Doubting the subjective
A pair of words that reversed meaning, thereby illustrating the profundity of the change, were “subjective” and “objective”. Ever since Aristotle, “subjective” had meant that which sustains and exudes itself. The subjective elements of reality were, therefore, real and reliable; God was subjectivity itself. Conversely, “objective” meant that which is merely an object and so imperilled by change and decay.
But as the changed human imagination provided a home to technologies such as pocket watches, external things like the arms of a clock came to feel more reliable. The objectively measurable was deemed more consequential than the subjectively known and, almost overnight, the meaning of the two words somersaulted. “Subjective” came to mean personal and so probably doubtful, and “objective” came to mean impartial and so true.
If there were one reversal in history that I could bring about, it would be that one. The flip of subjectivity and objectivity has possibly done more damage to human life than any other shift in the modern world because it has cut us off from our experience.
Nowadays, people prefer to talk of dopamine rushes before feelings, of being wired not being understood; they turn to brain scans before Shakespeare when asking about love. They will ignore activities that have the most basic value, like a walk in the park or saying thank you, until a scientific study confirms what a moment’s reflection affirms.
Not trusting our subjective experience and thereby becoming conversant with it, discerning it, being curious about it, has precipitated untold suffering, ennui, purposelessness.
The revision is also a basic philosophical mistake. So-called objective truths are the ones that keep changing. The history of science is the story of their continual modification, making science interesting.
But to find something that is unchanging and reliable, you have to turn to subjective experience. I’m not thinking of the transient ups and downs of inner life, the idiosyncrasies and secrets, the continual flux. But rather the constant awareness and steady presence that is the unchanging background and underpinning of consciousness. You have it. I have it. All humans have it, even when asleep, or an alarm clock would not wake us up.

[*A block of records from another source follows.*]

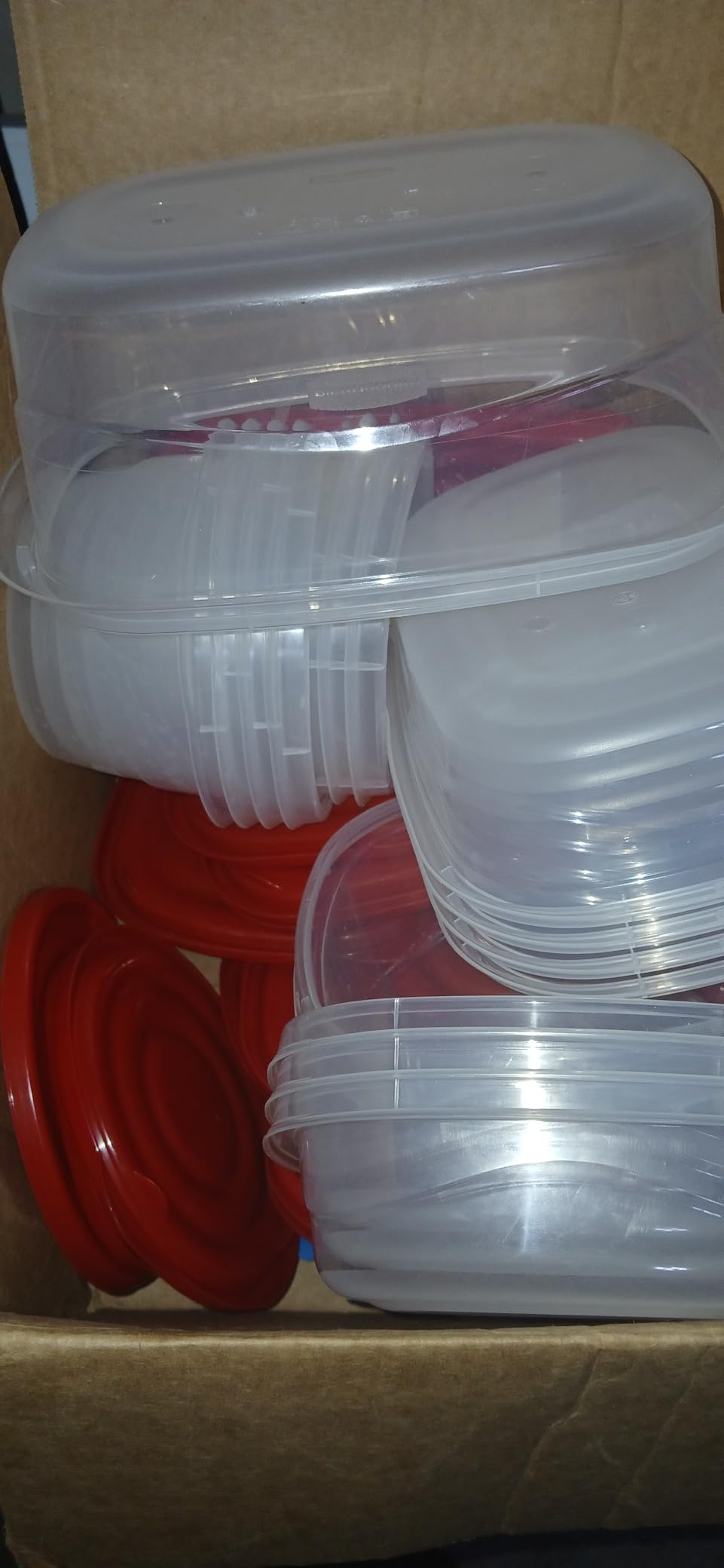 Rubbermaid TakeAlongs Food Storage Containers Set of 26 Clear customer photo 2
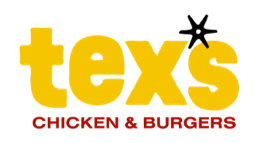 Tex's Chicken & Burgers logo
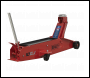 Sealey 10QJ Premier Long Reach Trolley Jack 10 Tonne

Oddly enough, a number of contemporary physicists are affirming a return of subjectivity. Every so often, one will declare that reality is mental, the universe is a thought, or existence is an observation. As the potter and nondual philosopher Rupert Spira puts it: “Any honest model of reality must start with awareness. To start anywhere else is to build a model on the shifting sands of belief.” Existential uncertainty is what the turn to objectivity has wrought.
The world changed with the birth of the modern experience of interiority. Humanity would evolve again, civilisation pivot, if this secret came out: the truth of things is found within, for really there is no without.

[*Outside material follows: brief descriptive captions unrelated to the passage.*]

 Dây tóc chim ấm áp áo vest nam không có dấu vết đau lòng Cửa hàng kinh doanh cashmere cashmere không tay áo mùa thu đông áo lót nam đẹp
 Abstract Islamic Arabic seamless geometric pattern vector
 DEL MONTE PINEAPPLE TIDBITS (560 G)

That is so true. Wonderful piece of writing. I have read your books on Barfield (and Dante and Spiritual Intelligence) so a true believer here.
There are other examples of pivot points in history where the meaning of a word suddenly changes, for instance the word 'energy' prior to the work of Young (which I wrote about here: https://allthatssolid.substack.com/i/153449994/the-last-man-who-knew-everything). This has profound real world consequences - the abstraction of a concept from its context you could argue is the root of a lot of our problems.
It isn't that time never existed before the pocket watch, but it was observed in natural processes like the changing of the seasons or the light during the day. When 'time' became divorced from these natural events and instantiated in a mechanism it lost the subtle cues and embodied relationships, thus it became a tyrant. You could say the same about law divorced from social relationships and so on.